▶ _What you need to do_: Please reproduce the entries below exactly from the line with "2012 Cisco and/or" through their last line, leaving out any pictures.

-- Input data follows --

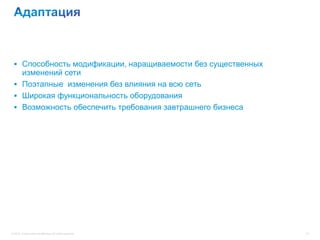  Способность модификации, наращиваемости без существенных
   изменений сети
  Поэтапные изменения без влияния на всю сеть
  Широкая функциональность оборудования
  Возможность обеспечить требования завтрашнего бизнеса




© 2012 Cisco and/or its affiliates. All rights reserved.      14
 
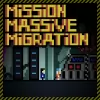 下载 Mission Massive Migration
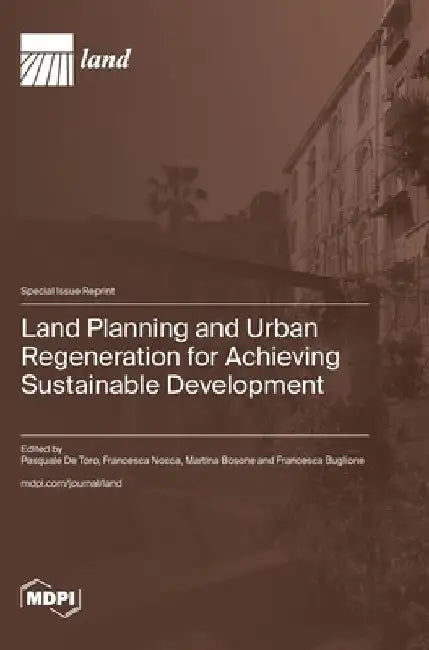 Land Planning and Urban Regeneration for Achieving Sustainable Development by Pasquale de Toro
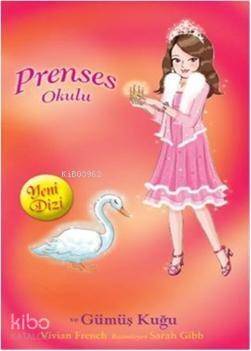 Prenses Okulu 24 - Prenses Sarah ve Gümüş Kuğu; İnci Saray'da - 1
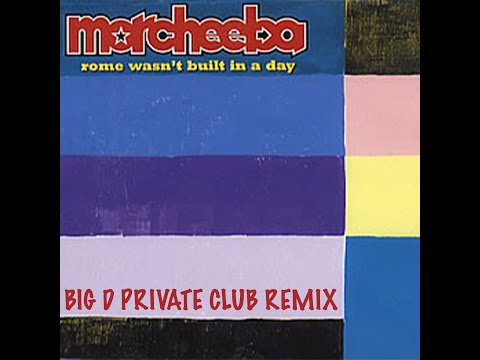 Morcheeba - Rome Wasn't Build In A Day (Dj Big D Private remix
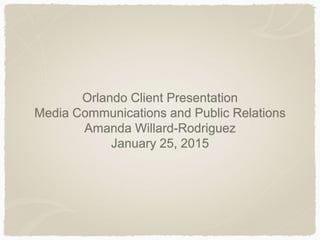 Orlando Client Presentation
Media Communications and Public Relations
Amanda Willard-Rodriguez
January 25, 2015
 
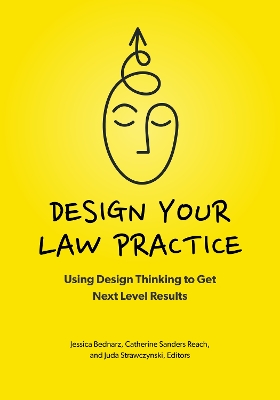 Design Your Law Practice: Using Design Thinking to Get Next Level Results book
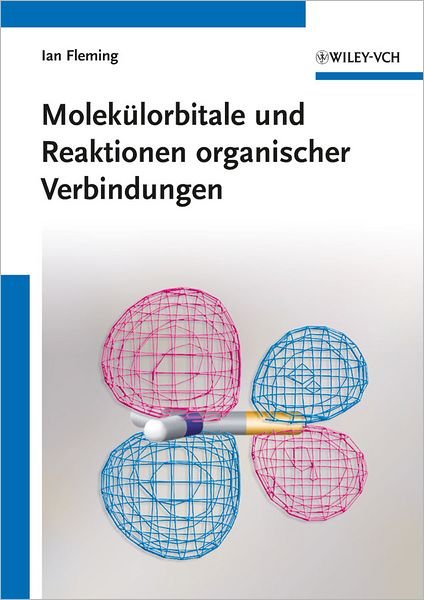 Cover for Fleming, Ian (University of Cambridge, UK) · Molekulorbitale und Reaktionen organischer Verbindungen (Paperback Bog) (2012)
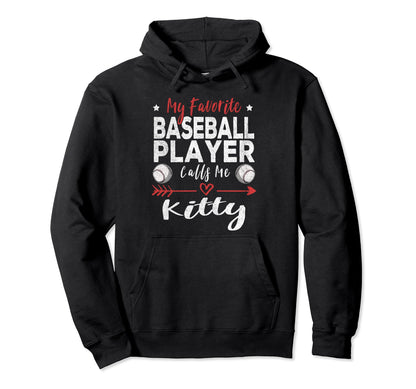 My Favorite Baseball Player Calls Me Kitty Hoodie - Graphic Print Unisex - T-Shirt, Sweatshirt, Hoodie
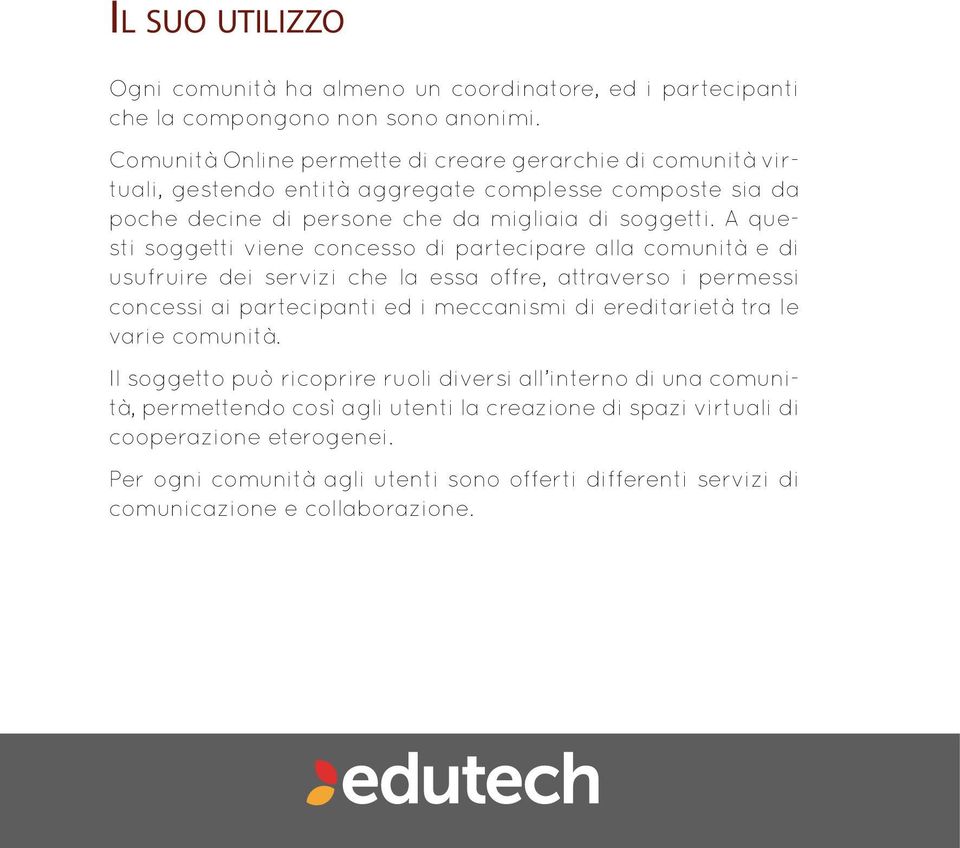 A questi soggetti viene concesso di partecipare alla comunità e di usufruire dei servizi che la essa offre, attraverso i permessi concessi ai partecipanti ed i meccanismi di ereditarietà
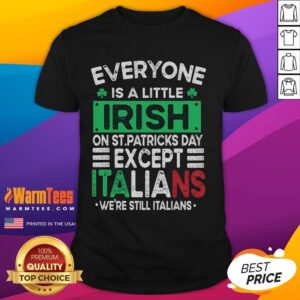 Funny Everyone Is A Little Irish On St Patrick's Day Except Italians T-Shirt
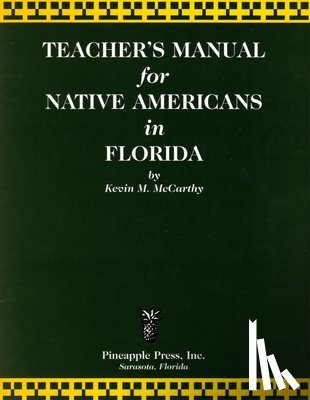 McCarthy, Kevin M - Teachers' Manual for Native Americans in Florida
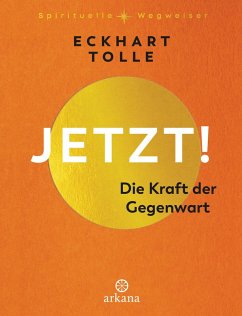 buecher Jetzt Die Kraft der Gegenwart (eBook ePUB) von Eckhart Tolle - bücher.de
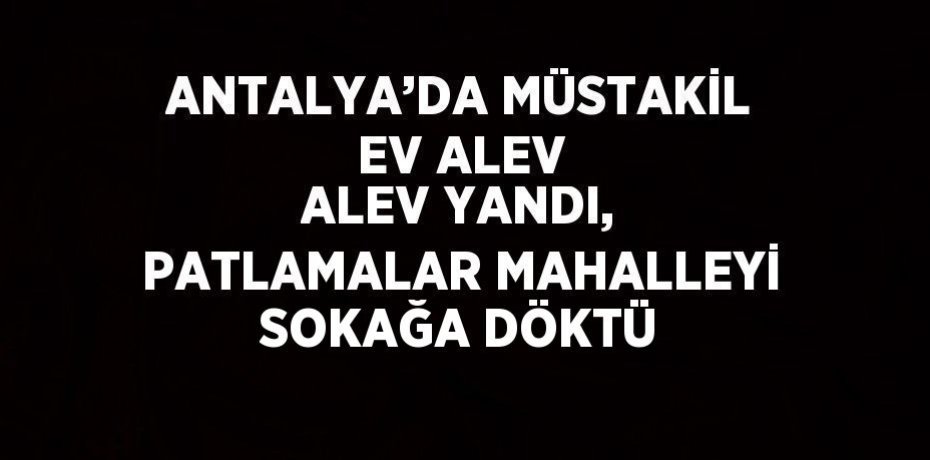 ANTALYA’DA MÜSTAKİL EV ALEV ALEV YANDI, PATLAMALAR MAHALLEYİ SOKAĞA DÖKTÜ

-- Input data concluded --

▶ _Problem solution_:
© 2012 Cisco and/or its affiliates. All rights reserved.      14
 
 下载 Mission Massive Migration
 Land Planning and Urban Regeneration for Achieving Sustainable Development by Pasquale de Toro
 Prenses Okulu 24 - Prenses Sarah ve Gümüş Kuğu; İnci Saray'da - 1
 Morcheeba - Rome Wasn't Build In A Day (Dj Big D Private remix
 Orlando Client Presentation
Media Communications and Public Relations
Amanda Willard-Rodriguez
January 25, 2015
 
 Design Your Law Practice: Using Design Thinking to Get Next Level Results book
 Cover for Fleming, Ian (University of Cambridge, UK) · Molekulorbitale und Reaktionen organischer Verbindungen (Paperback Bog) (2012)
 My Favorite Baseball Player Calls Me Kitty Hoodie - Graphic Print Unisex - T-Shirt, Sweatshirt, Hoodie
 A questi soggetti viene concesso di partecipare alla comunità e di usufruire dei servizi che la essa offre, attraverso i permessi concessi ai partecipanti ed i meccanismi di ereditarietà
 Funny Everyone Is A Little Irish On St Patrick's Day Except Italians T-Shirt
 McCarthy, Kevin M - Teachers' Manual for Native Americans in Florida
 buecher Jetzt Die Kraft der Gegenwart (eBook ePUB) von Eckhart Tolle - bücher.de
 ANTALYA’DA MÜSTAKİL EV ALEV ALEV YANDI, PATLAMALAR MAHALLEYİ SOKAĞA DÖKTÜ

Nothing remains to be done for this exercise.